I, for one, see hope for a liberal, secular future, despite these grim statistics.

We can start by recognizing that some liberal values hold within them the seeds of their own destruction. For the cults to survive, they need to isolate their children from external influence. They do this in a number of ways, especially by physical isolation – home schooling, restrict access to alternative world views, separate schools, and even (in the case of the Mormons) separate universities.

This can only happen when children are regarded as the property of their parents, rather than as individuals with rights of their own to an open, diverse education and interaction with the wider world. Liberals need to weigh carefully these two rights to ensure that liberal values do not empower most those who seek to destroy them..

What’s more, these cults thrive upon fear of outsiders. Both Muslim and Christian fundamentalists play upon fears that their culture will be overwhelmed by secularists. Atheists need to think hard about how they engage with the religious, since ratcheting up the level of conflict serves to paradoxically increase the power of the religious patriarchs.

Furthermore, part of the reason birth rates have fallen with female emancipation is that, all too often, women are forced to choice between an independent career and a family. Signs are that this is already changing.

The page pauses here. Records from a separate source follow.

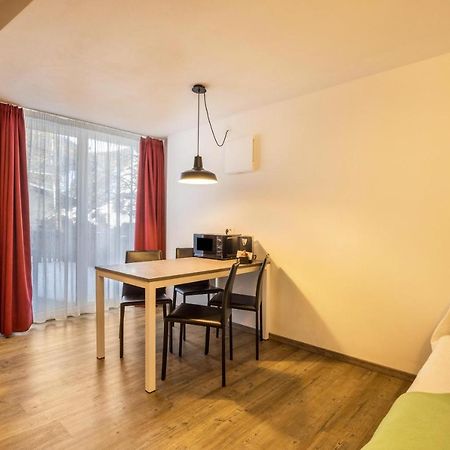 Apartment Oen Residence Bun Ste San Vigilio Di Marebbe Zewnętrze zdjęcie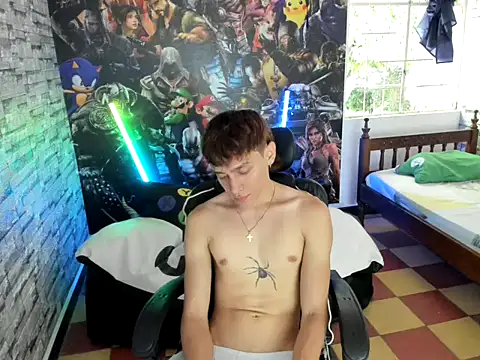 sebas jusa online show from May 2026 01:53:01 PM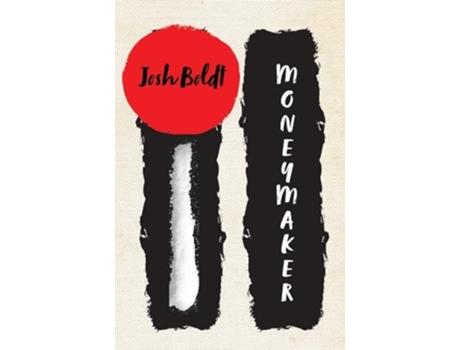 Livro Moneymaker de Josh Boldt (Inglês)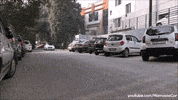 Driving German GIF by Namaste Car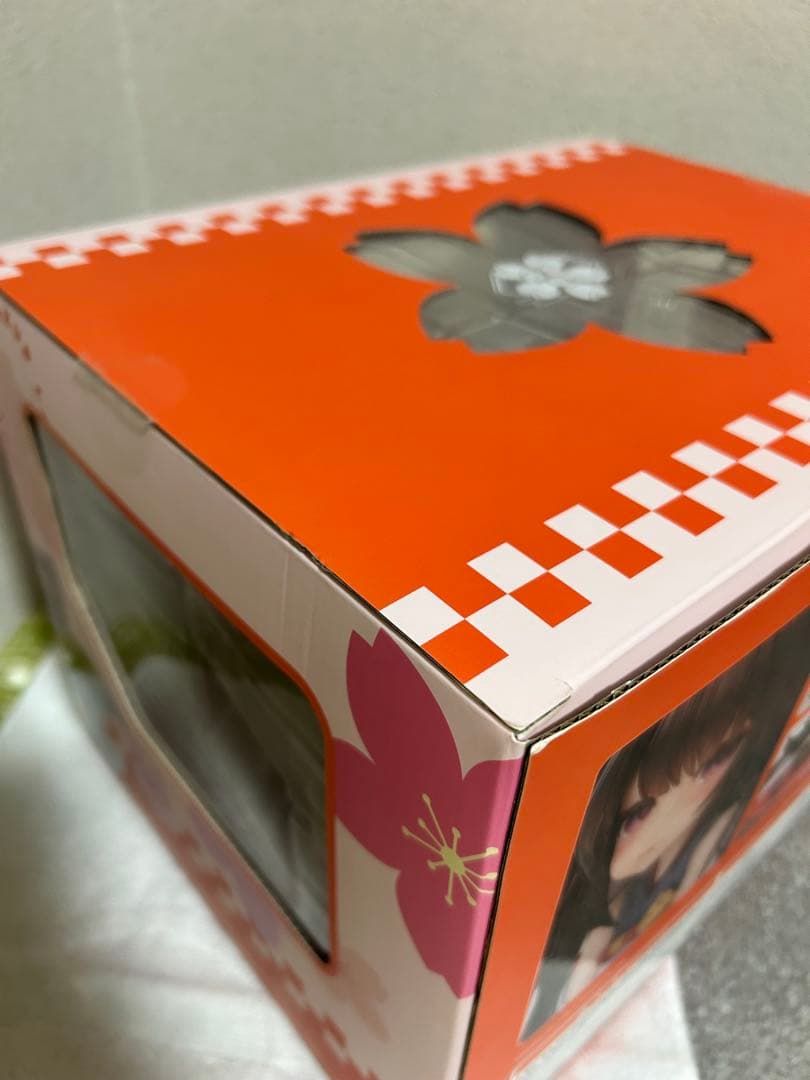 A*a様 アズールレーン 天城ちゃん 1/7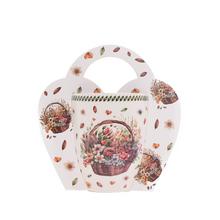 ŠÁLKA 350 ml polné kvety - Šálky a keramika | FLORASYSTEM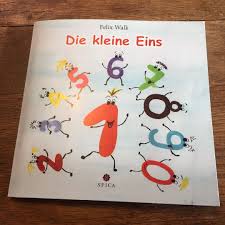 Wenn adjektive vor einem nomen stehen, müssen sie dekliniert werden. Pin Auf Bucher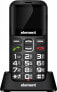 Фото #1 товара Telefon komórkowy Sencor Telefon komórkowy Element P012S Ekran 1.77cala Dual SIM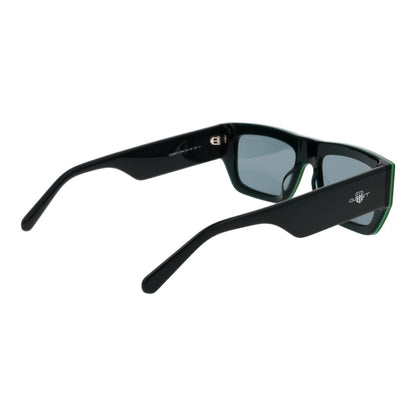 Gant Two-Tone Plastic Sunglasses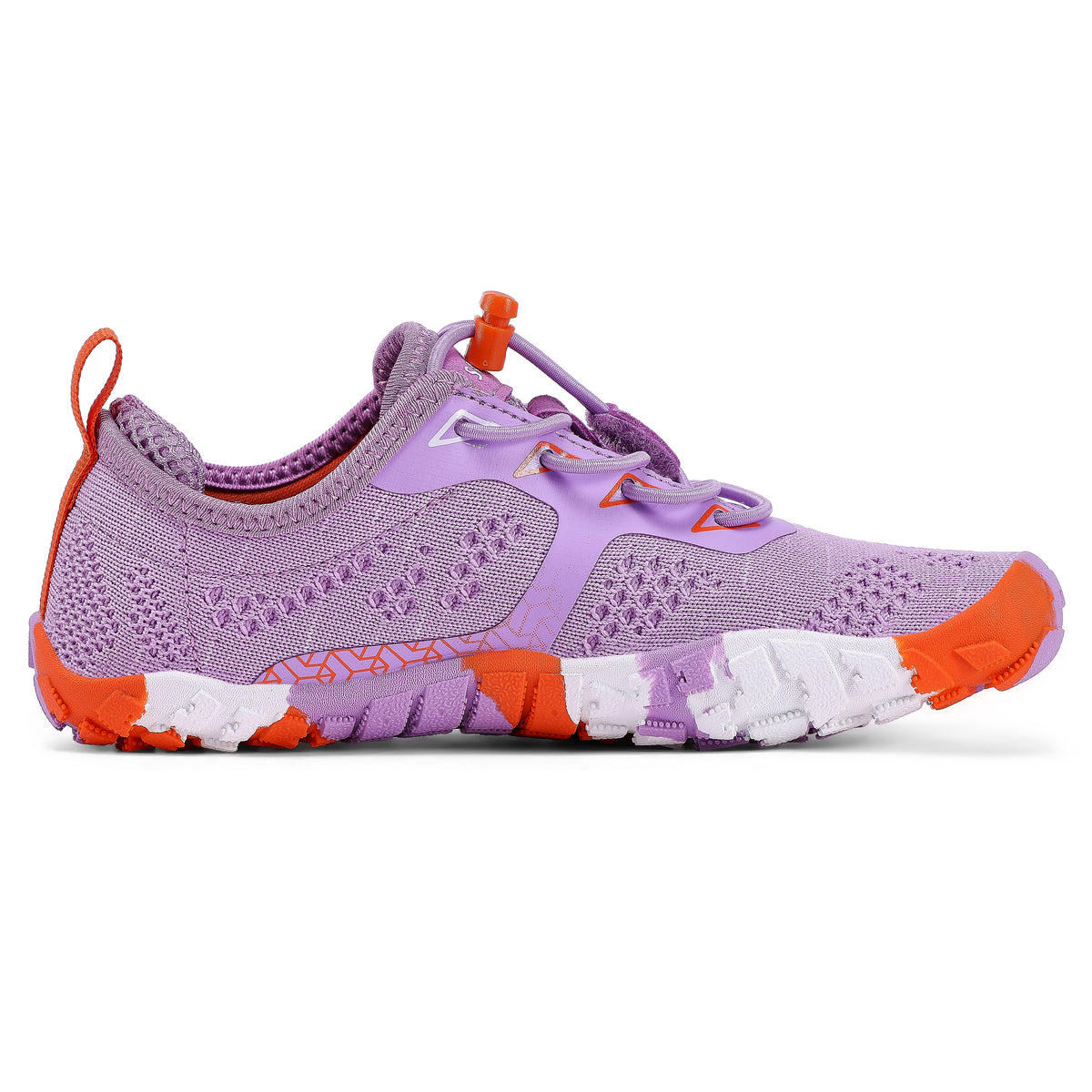 Deportiva Smart II Lila- Saguaro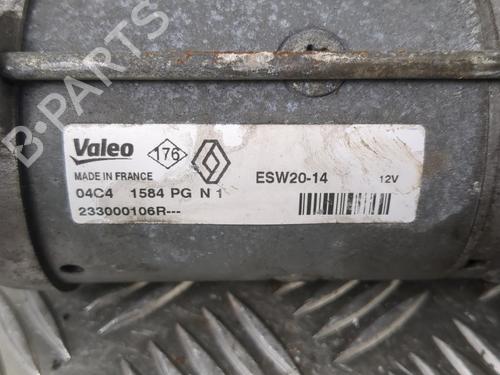 Starter RENAULT MEGANE III Coupe (DZ0/1_) 1.6 dCi (DZ00, DZ12, DZ2A, DZ13) | BP25659801M8 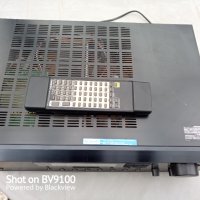 Onkyo TX-8255, снимка 8 - Ресийвъри, усилватели, смесителни пултове - 39655003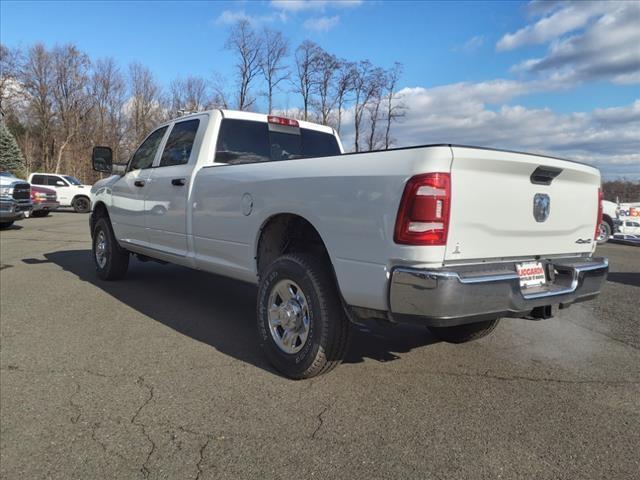 new 2024 Ram 2500 car, priced at $56,630
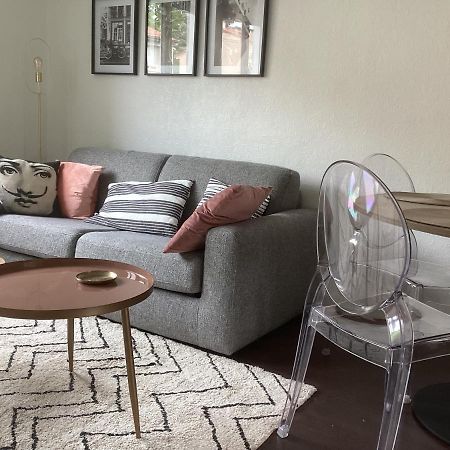 50 M2 T2 Au Calme, Lumineux, Confortable, Cosy, Climatise, Privatif Avec Parking Gratuit Et Terrasse 圖盧茲 外观 照片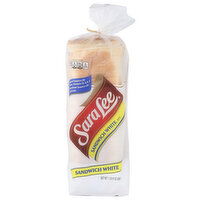 Sara Lee Sandwich White Bread - 16.4 Ounce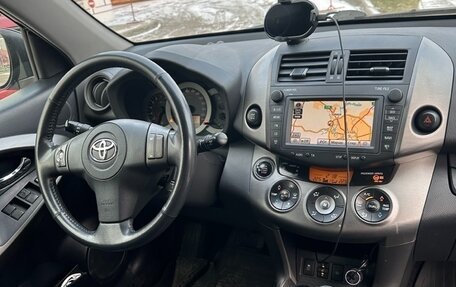 Toyota RAV4, 2011 год, 1 630 000 рублей, 19 фотография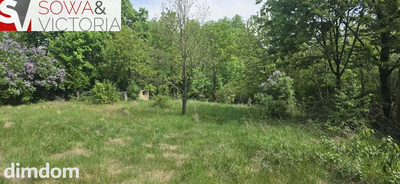 Działka budowlano-usługowa z możliwością podziału. - 5
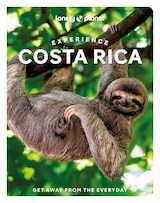 Lonely Planet Experience Costa Rica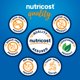 thumbnail image 5 of Suplemento Nutricost Pygeum 5000 mg 120 cápsulas, 5 of 5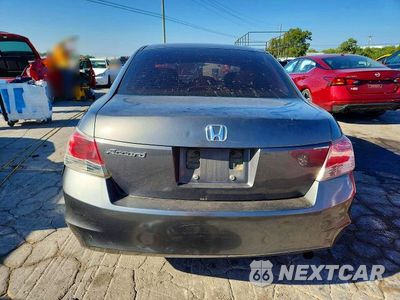 Zdjęcie 6 z 12 samochodu: 2009 HONDA ACCORD EX VIN:1HGCP26749A143065 - miniatura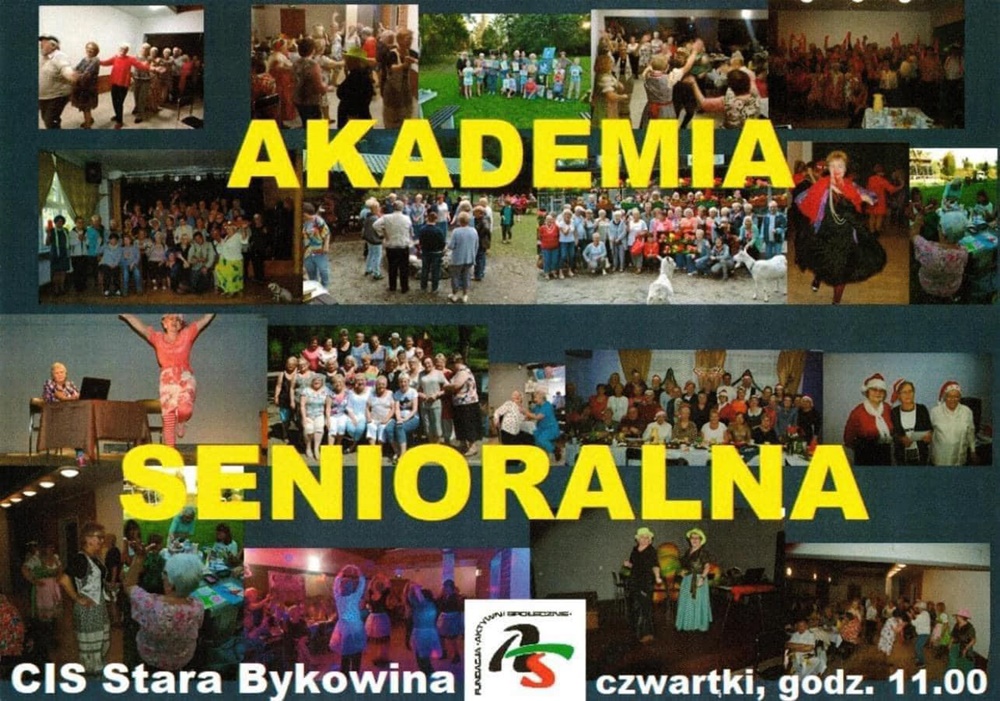 Akademia Senioralna 37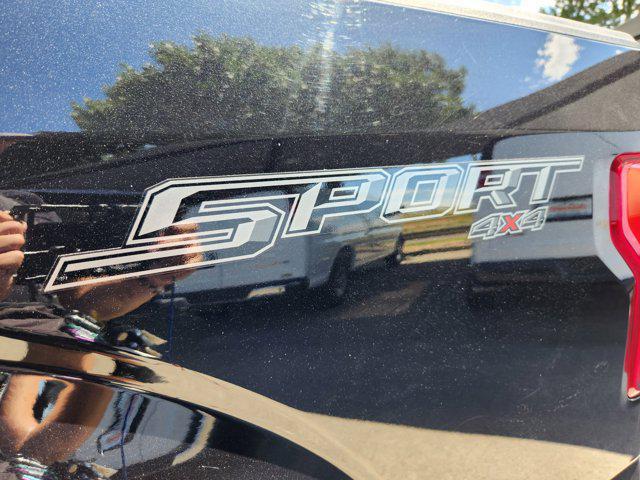 used 2019 Ford F-150 car, priced at $35,991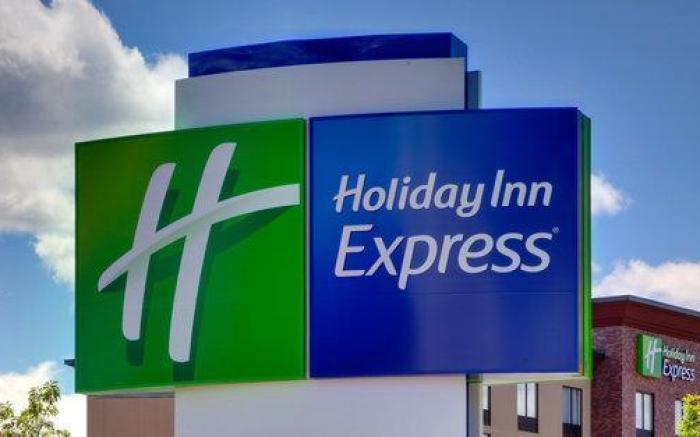 Holiday Inn Express & Suites Monterrey Valle By IHG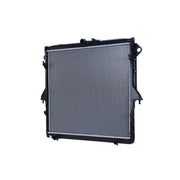 Hella Engine Radiator 8MK 366 303-691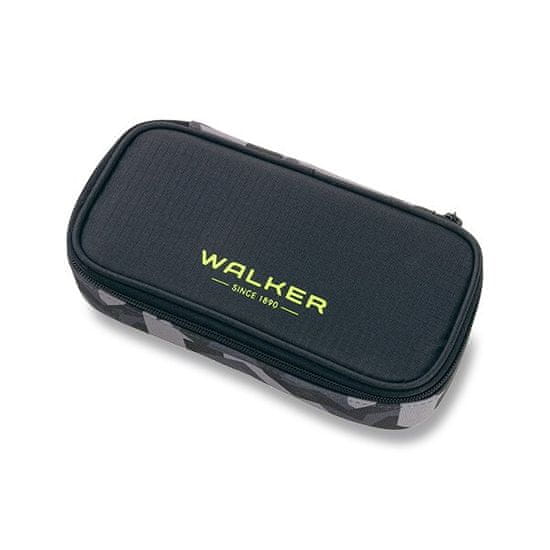 Walker Penál Fame 2.0 Uni Dark Grey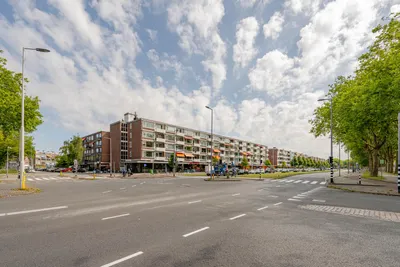 Foto van Spinozaweg 347, Rotterdam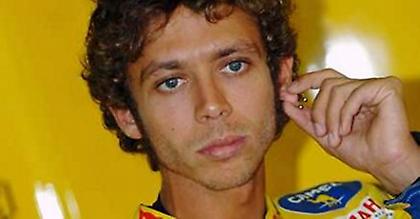 Έπιασε κορυφή ο Βαλεντίνο Ρόσι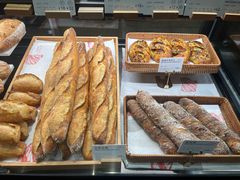 -正本原 Le Grenier a Pain(官舍店)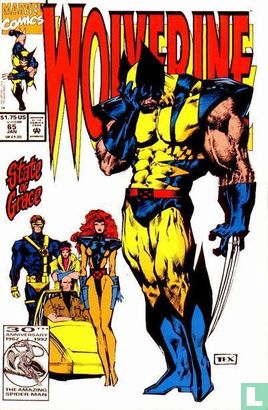Wolverine 65 - Image 1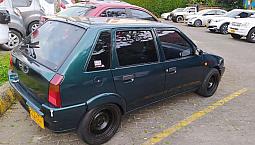 Citroen Saxo Ax Image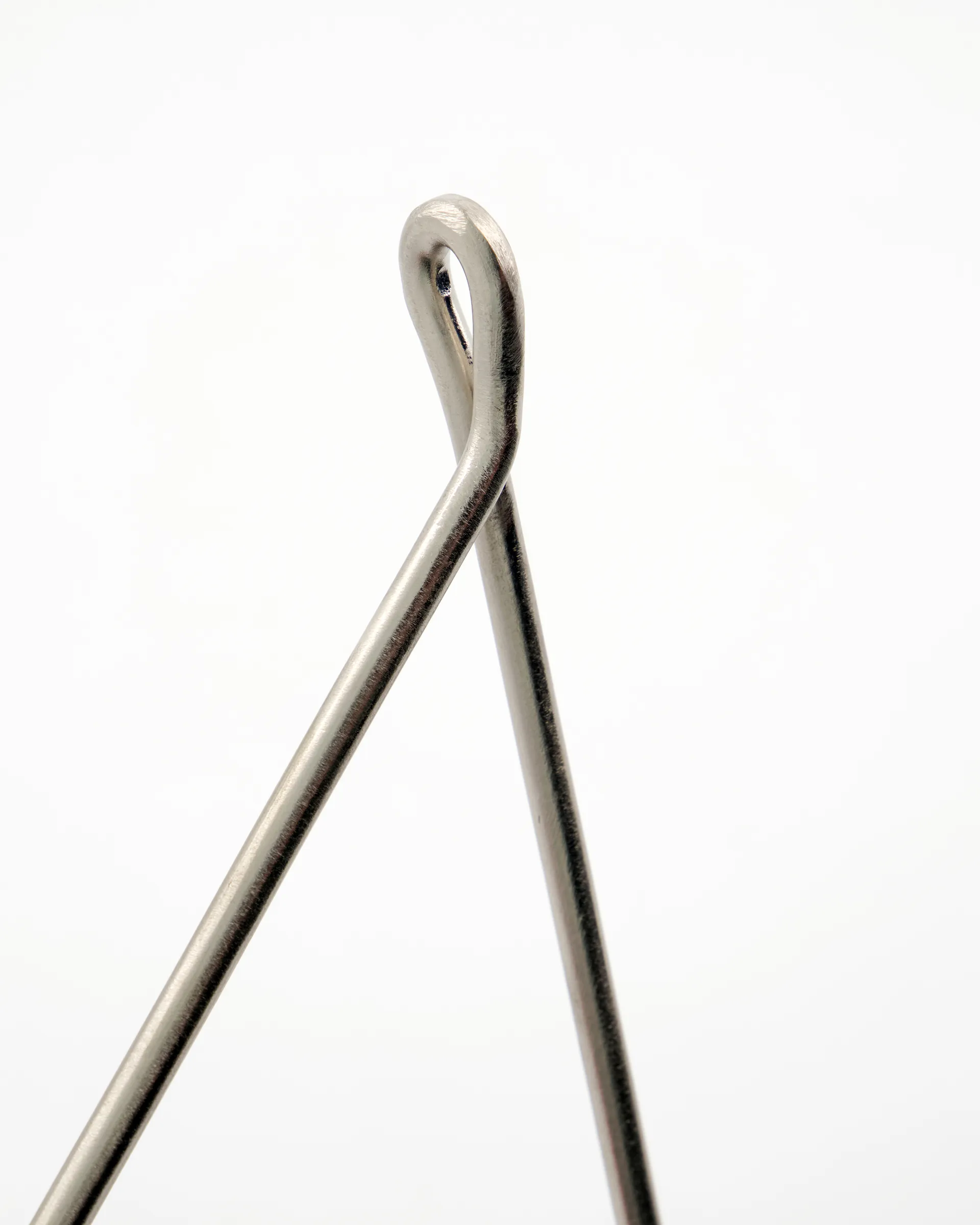 Système de rayonnage Apart Lot de 2, Argent brossé House Doctor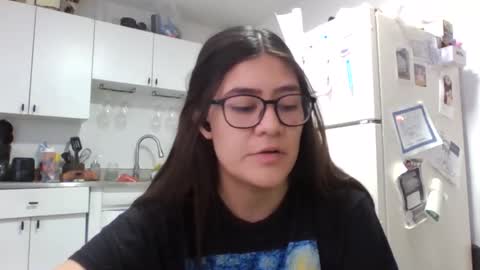 Jordyn online show from May 4, 5:25 pm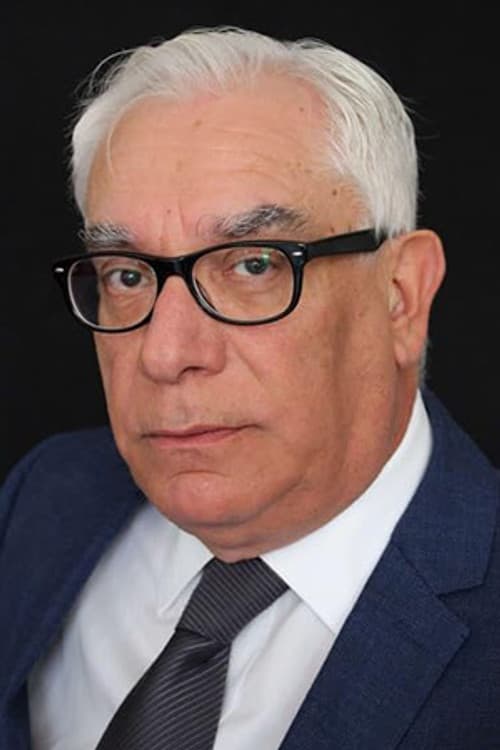 Serge De Nardo profile photo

Men are devoting more time to child care than ever before. In Europe, fertility rates are actually highest in the least religious countries. If liberals can create a society in which women can couple a secure, independent existence with children, then fertility rates may yet rebound.

And lastly, I wonder about the future of liberal fertility. It’s true that liberal fertility rates are continuing to fall. But liberal values, like fundamentalist ones, are inherited as well as communicated.

Many liberals do have children. They have found a solution that balances liberal values, modern society, and family. And since they are still in the vast majority, it is their values (and genes), that will make up the overwhelming majority of future generations.

Maybe, just maybe, it will be these liberals that shall inherit the earth!